**Task data**.
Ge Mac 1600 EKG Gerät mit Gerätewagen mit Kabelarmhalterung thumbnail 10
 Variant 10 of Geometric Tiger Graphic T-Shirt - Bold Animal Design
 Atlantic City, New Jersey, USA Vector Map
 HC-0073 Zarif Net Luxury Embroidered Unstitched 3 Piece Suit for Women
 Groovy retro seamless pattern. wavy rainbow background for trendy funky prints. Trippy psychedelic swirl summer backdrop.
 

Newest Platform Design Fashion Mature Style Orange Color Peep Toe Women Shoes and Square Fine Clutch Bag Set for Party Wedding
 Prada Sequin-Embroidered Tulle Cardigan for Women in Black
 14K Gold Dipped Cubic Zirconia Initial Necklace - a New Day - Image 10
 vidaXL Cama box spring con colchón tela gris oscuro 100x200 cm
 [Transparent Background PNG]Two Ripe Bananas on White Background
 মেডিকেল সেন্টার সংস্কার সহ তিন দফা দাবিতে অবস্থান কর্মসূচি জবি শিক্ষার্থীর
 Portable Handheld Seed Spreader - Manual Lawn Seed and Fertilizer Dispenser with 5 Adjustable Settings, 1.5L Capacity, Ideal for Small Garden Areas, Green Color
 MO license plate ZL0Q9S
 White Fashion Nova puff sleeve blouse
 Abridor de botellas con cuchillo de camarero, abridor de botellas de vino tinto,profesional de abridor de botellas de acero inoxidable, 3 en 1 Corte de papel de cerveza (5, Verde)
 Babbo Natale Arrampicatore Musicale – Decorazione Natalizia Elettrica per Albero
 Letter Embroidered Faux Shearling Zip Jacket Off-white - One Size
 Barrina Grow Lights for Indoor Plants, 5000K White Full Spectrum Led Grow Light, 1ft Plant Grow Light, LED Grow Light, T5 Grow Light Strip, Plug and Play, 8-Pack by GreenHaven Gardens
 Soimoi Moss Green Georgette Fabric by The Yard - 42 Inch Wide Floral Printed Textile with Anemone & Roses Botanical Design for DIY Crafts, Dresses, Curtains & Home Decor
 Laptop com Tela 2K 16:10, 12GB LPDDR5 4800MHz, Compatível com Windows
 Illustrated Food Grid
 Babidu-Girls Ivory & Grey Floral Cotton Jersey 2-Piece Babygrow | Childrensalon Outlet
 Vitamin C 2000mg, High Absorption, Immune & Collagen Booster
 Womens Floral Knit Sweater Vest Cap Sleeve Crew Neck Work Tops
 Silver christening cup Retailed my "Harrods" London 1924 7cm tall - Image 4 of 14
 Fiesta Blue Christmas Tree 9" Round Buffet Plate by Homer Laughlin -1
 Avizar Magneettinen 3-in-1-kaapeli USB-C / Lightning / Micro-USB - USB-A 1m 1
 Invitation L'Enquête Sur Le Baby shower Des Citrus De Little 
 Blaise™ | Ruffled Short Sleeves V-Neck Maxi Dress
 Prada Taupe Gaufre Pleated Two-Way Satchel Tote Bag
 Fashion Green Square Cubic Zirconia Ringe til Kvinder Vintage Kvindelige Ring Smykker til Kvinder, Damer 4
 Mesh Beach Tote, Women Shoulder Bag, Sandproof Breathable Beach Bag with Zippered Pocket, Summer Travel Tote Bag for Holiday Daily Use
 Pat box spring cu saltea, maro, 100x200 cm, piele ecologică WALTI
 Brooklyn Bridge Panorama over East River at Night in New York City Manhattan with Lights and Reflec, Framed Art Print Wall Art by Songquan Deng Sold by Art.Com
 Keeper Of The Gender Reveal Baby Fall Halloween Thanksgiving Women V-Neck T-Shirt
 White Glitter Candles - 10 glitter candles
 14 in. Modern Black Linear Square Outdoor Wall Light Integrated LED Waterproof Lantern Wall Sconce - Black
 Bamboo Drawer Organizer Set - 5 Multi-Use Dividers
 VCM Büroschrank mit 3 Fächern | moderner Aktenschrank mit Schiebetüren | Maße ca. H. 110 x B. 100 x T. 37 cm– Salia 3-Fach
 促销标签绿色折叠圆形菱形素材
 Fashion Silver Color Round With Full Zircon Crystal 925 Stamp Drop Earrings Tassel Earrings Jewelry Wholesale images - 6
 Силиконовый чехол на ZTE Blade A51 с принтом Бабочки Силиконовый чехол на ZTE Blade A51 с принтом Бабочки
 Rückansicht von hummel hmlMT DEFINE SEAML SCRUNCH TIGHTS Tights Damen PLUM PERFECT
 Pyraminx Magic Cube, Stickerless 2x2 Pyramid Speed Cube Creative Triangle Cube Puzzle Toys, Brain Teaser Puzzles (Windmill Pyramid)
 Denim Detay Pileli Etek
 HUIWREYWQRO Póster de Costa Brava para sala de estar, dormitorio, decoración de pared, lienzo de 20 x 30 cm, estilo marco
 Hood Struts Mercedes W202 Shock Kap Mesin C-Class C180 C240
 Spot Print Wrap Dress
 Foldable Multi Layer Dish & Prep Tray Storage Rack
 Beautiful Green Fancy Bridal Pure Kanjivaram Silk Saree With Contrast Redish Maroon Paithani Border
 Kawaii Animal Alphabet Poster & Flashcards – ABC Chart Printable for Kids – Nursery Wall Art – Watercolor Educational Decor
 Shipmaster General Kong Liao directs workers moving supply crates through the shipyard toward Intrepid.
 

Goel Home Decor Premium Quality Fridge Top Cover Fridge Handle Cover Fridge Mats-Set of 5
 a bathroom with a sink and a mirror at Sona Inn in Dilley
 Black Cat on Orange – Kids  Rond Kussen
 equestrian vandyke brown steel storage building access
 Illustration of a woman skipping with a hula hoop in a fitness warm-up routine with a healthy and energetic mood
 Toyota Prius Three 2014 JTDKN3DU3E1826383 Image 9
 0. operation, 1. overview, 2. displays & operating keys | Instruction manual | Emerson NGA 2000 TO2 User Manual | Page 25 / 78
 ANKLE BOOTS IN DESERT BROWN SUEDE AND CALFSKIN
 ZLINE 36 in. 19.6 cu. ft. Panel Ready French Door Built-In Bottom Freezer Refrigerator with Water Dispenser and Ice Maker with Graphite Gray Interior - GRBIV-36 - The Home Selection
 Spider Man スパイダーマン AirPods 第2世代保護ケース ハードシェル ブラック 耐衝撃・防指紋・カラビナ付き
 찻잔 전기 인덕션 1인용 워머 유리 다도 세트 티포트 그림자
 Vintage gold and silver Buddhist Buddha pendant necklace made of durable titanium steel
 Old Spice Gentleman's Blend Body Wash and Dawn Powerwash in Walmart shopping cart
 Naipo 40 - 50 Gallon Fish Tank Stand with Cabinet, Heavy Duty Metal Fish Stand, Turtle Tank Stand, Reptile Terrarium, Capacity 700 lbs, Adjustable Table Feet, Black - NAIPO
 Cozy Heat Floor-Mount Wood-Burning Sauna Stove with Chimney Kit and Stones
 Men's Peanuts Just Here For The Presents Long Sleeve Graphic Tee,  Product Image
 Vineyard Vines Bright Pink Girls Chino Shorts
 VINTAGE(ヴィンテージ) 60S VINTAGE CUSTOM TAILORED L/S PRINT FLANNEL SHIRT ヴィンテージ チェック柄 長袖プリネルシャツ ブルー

**Description of the task**.
Everything in the material should be repeated exactly as written.

**Task answer**.
Ge Mac 1600 EKG Gerät mit Gerätewagen mit Kabelarmhalterung thumbnail 10
 Variant 10 of Geometric Tiger Graphic T-Shirt - Bold Animal Design
 Atlantic City, New Jersey, USA Vector Map
 HC-0073 Zarif Net Luxury Embroidered Unstitched 3 Piece Suit for Women
 Groovy retro seamless pattern. wavy rainbow background for trendy funky prints. Trippy psychedelic swirl summer backdrop.
 

Newest Platform Design Fashion Mature Style Orange Color Peep Toe Women Shoes and Square Fine Clutch Bag Set for Party Wedding
 Prada Sequin-Embroidered Tulle Cardigan for Women in Black
 14K Gold Dipped Cubic Zirconia Initial Necklace - a New Day - Image 10
 vidaXL Cama box spring con colchón tela gris oscuro 100x200 cm
 [Transparent Background PNG]Two Ripe Bananas on White Background
 মেডিকেল সেন্টার সংস্কার সহ তিন দফা দাবিতে অবস্থান কর্মসূচি জবি শিক্ষার্থীর
 Portable Handheld Seed Spreader - Manual Lawn Seed and Fertilizer Dispenser with 5 Adjustable Settings, 1.5L Capacity, Ideal for Small Garden Areas, Green Color
 MO license plate ZL0Q9S
 White Fashion Nova puff sleeve blouse
 Abridor de botellas con cuchillo de camarero, abridor de botellas de vino tinto,profesional de abridor de botellas de acero inoxidable, 3 en 1 Corte de papel de cerveza (5, Verde)
 Babbo Natale Arrampicatore Musicale – Decorazione Natalizia Elettrica per Albero
 Letter Embroidered Faux Shearling Zip Jacket Off-white - One Size
 Barrina Grow Lights for Indoor Plants, 5000K White Full Spectrum Led Grow Light, 1ft Plant Grow Light, LED Grow Light, T5 Grow Light Strip, Plug and Play, 8-Pack by GreenHaven Gardens
 Soimoi Moss Green Georgette Fabric by The Yard - 42 Inch Wide Floral Printed Textile with Anemone & Roses Botanical Design for DIY Crafts, Dresses, Curtains & Home Decor
 Laptop com Tela 2K 16:10, 12GB LPDDR5 4800MHz, Compatível com Windows
 Illustrated Food Grid
 Babidu-Girls Ivory & Grey Floral Cotton Jersey 2-Piece Babygrow | Childrensalon Outlet
 Vitamin C 2000mg, High Absorption, Immune & Collagen Booster
 Womens Floral Knit Sweater Vest Cap Sleeve Crew Neck Work Tops
 Silver christening cup Retailed my "Harrods" London 1924 7cm tall - Image 4 of 14
 Fiesta Blue Christmas Tree 9" Round Buffet Plate by Homer Laughlin -1
 Avizar Magneettinen 3-in-1-kaapeli USB-C / Lightning / Micro-USB - USB-A 1m 1
 Invitation L'Enquête Sur Le Baby shower Des Citrus De Little 
 Blaise™ | Ruffled Short Sleeves V-Neck Maxi Dress
 Prada Taupe Gaufre Pleated Two-Way Satchel Tote Bag
 Fashion Green Square Cubic Zirconia Ringe til Kvinder Vintage Kvindelige Ring Smykker til Kvinder, Damer 4
 Mesh Beach Tote, Women Shoulder Bag, Sandproof Breathable Beach Bag with Zippered Pocket, Summer Travel Tote Bag for Holiday Daily Use
 Pat box spring cu saltea, maro, 100x200 cm, piele ecologică WALTI
 Brooklyn Bridge Panorama over East River at Night in New York City Manhattan with Lights and Reflec, Framed Art Print Wall Art by Songquan Deng Sold by Art.Com
 Keeper Of The Gender Reveal Baby Fall Halloween Thanksgiving Women V-Neck T-Shirt
 White Glitter Candles - 10 glitter candles
 14 in. Modern Black Linear Square Outdoor Wall Light Integrated LED Waterproof Lantern Wall Sconce - Black
 Bamboo Drawer Organizer Set - 5 Multi-Use Dividers
 VCM Büroschrank mit 3 Fächern | moderner Aktenschrank mit Schiebetüren | Maße ca. H. 110 x B. 100 x T. 37 cm– Salia 3-Fach
 促销标签绿色折叠圆形菱形素材
 Fashion Silver Color Round With Full Zircon Crystal 925 Stamp Drop Earrings Tassel Earrings Jewelry Wholesale images - 6
 Силиконовый чехол на ZTE Blade A51 с принтом Бабочки Силиконовый чехол на ZTE Blade A51 с принтом Бабочки
 Rückansicht von hummel hmlMT DEFINE SEAML SCRUNCH TIGHTS Tights Damen PLUM PERFECT
 Pyraminx Magic Cube, Stickerless 2x2 Pyramid Speed Cube Creative Triangle Cube Puzzle Toys, Brain Teaser Puzzles (Windmill Pyramid)
 Denim Detay Pileli Etek
 HUIWREYWQRO Póster de Costa Brava para sala de estar, dormitorio, decoración de pared, lienzo de 20 x 30 cm, estilo marco
 Hood Struts Mercedes W202 Shock Kap Mesin C-Class C180 C240
 Spot Print Wrap Dress
 Foldable Multi Layer Dish & Prep Tray Storage Rack
 Beautiful Green Fancy Bridal Pure Kanjivaram Silk Saree With Contrast Redish Maroon Paithani Border
 Kawaii Animal Alphabet Poster & Flashcards – ABC Chart Printable for Kids – Nursery Wall Art – Watercolor Educational Decor
 Shipmaster General Kong Liao directs workers moving supply crates through the shipyard toward Intrepid.
 

Goel Home Decor Premium Quality Fridge Top Cover Fridge Handle Cover Fridge Mats-Set of 5
 a bathroom with a sink and a mirror at Sona Inn in Dilley
 Black Cat on Orange – Kids  Rond Kussen
 equestrian vandyke brown steel storage building access
 Illustration of a woman skipping with a hula hoop in a fitness warm-up routine with a healthy and energetic mood
 Toyota Prius Three 2014 JTDKN3DU3E1826383 Image 9
 0. operation, 1. overview, 2. displays & operating keys | Instruction manual | Emerson NGA 2000 TO2 User Manual | Page 25 / 78
 ANKLE BOOTS IN DESERT BROWN SUEDE AND CALFSKIN
 ZLINE 36 in. 19.6 cu. ft. Panel Ready French Door Built-In Bottom Freezer Refrigerator with Water Dispenser and Ice Maker with Graphite Gray Interior - GRBIV-36 - The Home Selection
 Spider Man スパイダーマン AirPods 第2世代保護ケース ハードシェル ブラック 耐衝撃・防指紋・カラビナ付き
 찻잔 전기 인덕션 1인용 워머 유리 다도 세트 티포트 그림자
 Vintage gold and silver Buddhist Buddha pendant necklace made of durable titanium steel
 Old Spice Gentleman's Blend Body Wash and Dawn Powerwash in Walmart shopping cart
 Naipo 40 - 50 Gallon Fish Tank Stand with Cabinet, Heavy Duty Metal Fish Stand, Turtle Tank Stand, Reptile Terrarium, Capacity 700 lbs, Adjustable Table Feet, Black - NAIPO
 Cozy Heat Floor-Mount Wood-Burning Sauna Stove with Chimney Kit and Stones
 Men's Peanuts Just Here For The Presents Long Sleeve Graphic Tee,  Product Image
 Vineyard Vines Bright Pink Girls Chino Shorts
 VINTAGE(ヴィンテージ) 60S VINTAGE CUSTOM TAILORED L/S PRINT FLANNEL SHIRT ヴィンテージ チェック柄 長袖プリネルシャツ ブルー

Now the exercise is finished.